This is a wonderful little book about a very simple mathematical object known as the "integer partition". The concept is simple: a partition of a positive integer is the set of positive integers that when summed give that number. (i.e. one integer partition of 6 is [5, 1] another is [3, 2, 1]). Order is unimportant so [5,1] and [1,5] are the same partition.
Amazingly this simple idea gives rise to many rich investigations that are the basis for this book. Many of these relate to "counting" the number of partitions with a given property and relating the number of partitions with various properties to one another. In fact, the mere counting of the number of partitions of a large integer, like 200, requires a foray into generating functions, an extremely important area of combinatorics. The formal properties of integer partitions have been investigated for over 200 years by some of the brightest lights in the mathematical constellation, such as Euler and Ramanujan. One of the authors (Andrews) is probably the current leading expert in this field.

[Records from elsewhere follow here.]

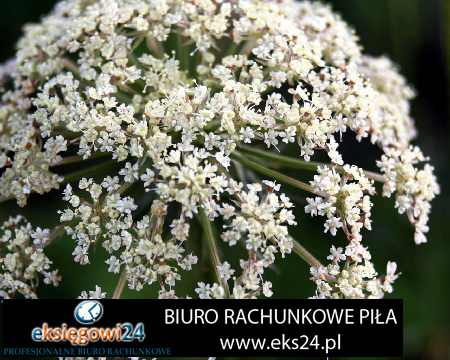 biuro rachunkowe Ujście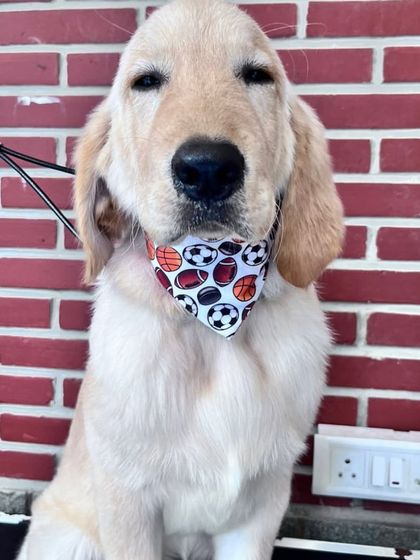 A full shot of the handsome puppy after his grooming session. He sat patiently on the table and was rewarded with lots of praise and this cool sports-themed bandana.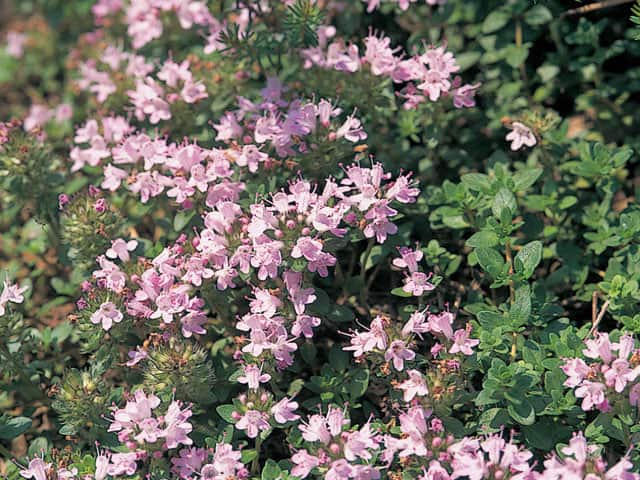 伊吹麝香草の画像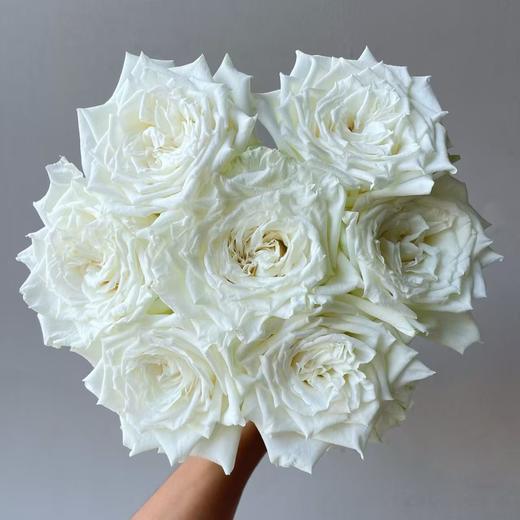 白色单头玫瑰20枝 商品图1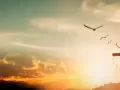 A cross on a hill, adorned with thorns, stands against a sunset sky. Birds fly overhead, symbolizing the feast of the exaltation of the holy cross.
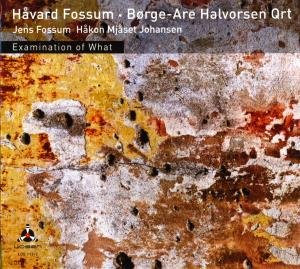 Cover for Havard Fossum · Examination of What (CD) (2013)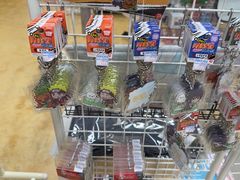 -(株)越後屋デパート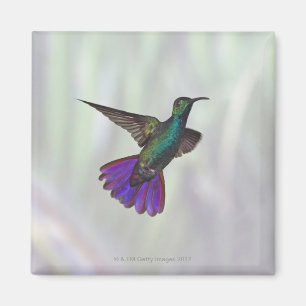 Grüner-breasted Mango-Kolibri Anthracocorax Magnet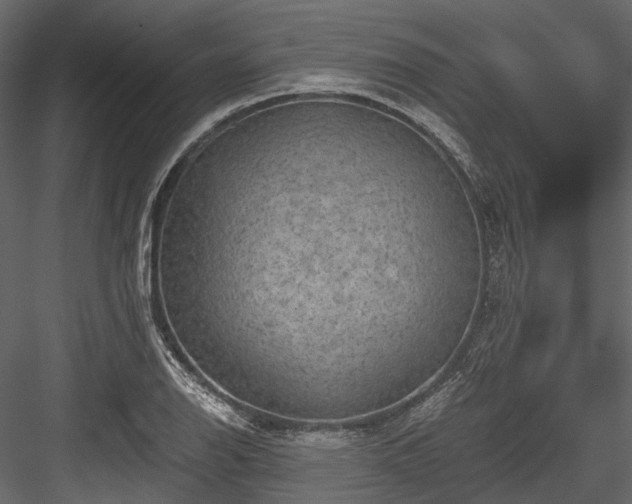 X0000084571126200702231251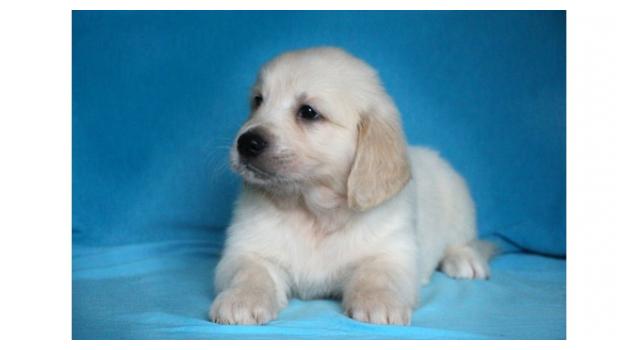 Щенки золотистого ретривера в питомнике Goldberry Щенки золотистого ретривера в питомнике Goldberry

Using integer partitions as a starting point the authors take the reader into many areas of mathematics (for example, generating functions, bijective proofs, Ferrers graphs and partially ordered sets). Each chapter also provides a selection of graded exercises ranging from the simple to problems that in some cases would be considered research areas. An outline of the answers to problems is provided in the back of the book. Working the problems will certainly give your powers of reasoning a real workout.
I am not particularly skilled at mathematics, however, I found the discussion relatively easy to follow although most topics require serious study if a full understanding is to be had. I would think that this book would certainly appeal to the math hobbyist, but could easily be the basis for a semester seminar for the advanced undergraduate.
Five stars for this gem!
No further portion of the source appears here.